SUMMIT COUNTY, Colo. (CBS4) – The slopes in Colorado are becoming very active and one U.S. Forest Service official said it’s erosion in action.

With the state still holding on to a significant snowpack, scenes like rock slides are going to remain common. It was something that Colorado Department of Transportation crews thought was coming.

“Just with the amount of moisture we have in this area. The crews just patrolling the road had seen some rocks coming down earlier,” Tracy Trulove with CDOT said.

But the acts of nature are far from predictable.

“Slides are not uncommon in this area; it’s the volume and the size of this slide,” Jonathan White with the Colorado Geological Survey said aboiut a massive slide in Mesa County.

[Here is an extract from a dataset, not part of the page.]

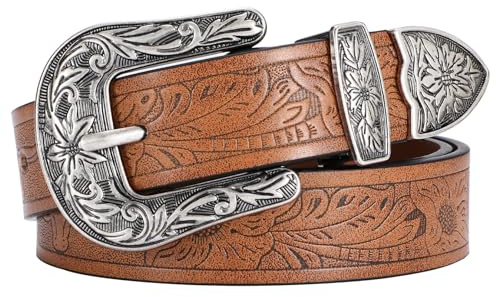 VONMELLI Western Gürtel Damen, Damen Cowgirl Ledergürtel für Hosen Jeans Taillengürtel mit Vintage Floral Carved Design Plus Größe S-XXXL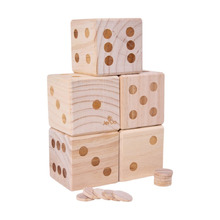5 Piece Natural Giant Wooden Dice Set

An image of the mudslide (credit: CBS)

An image of the mudslide (credit: CBS)

A state geologist said the rainfall and snow runoff propelled the ¾-mile wide, 3-mile long slide on Sunday in Mesa County on the Grand Mesa where three men went missing. There was likely a tension crack in the earth that water was able to then seep into.

(credit: CBS)

(credit: CBS)

“The rock completely rubble-ized and it basically acted like a fluid and you had that flow down the slope and that flow was very rapid,” White said.

On a much smaller scale, essentially the same thing happened on the slopes of Loveland Pass on Tuesday.

In image of the slide on Loveland Pass (credit: Alan Henceroth)

In image of the slide on Loveland Pass (credit: Alan Henceroth)

“The top layer has gone down to bedrock, so they feel pretty confident that it’s stable or will be stable, and that’s why our crews were able to get in here and start clearing the slide,” Trulove said. “This is what the geologist would suggest is the start of the season.”

Since slides are so unpredictable, CDOT says that if someone sees rocks on the road to let them know the exact location — and where there’s one rock there could be many more.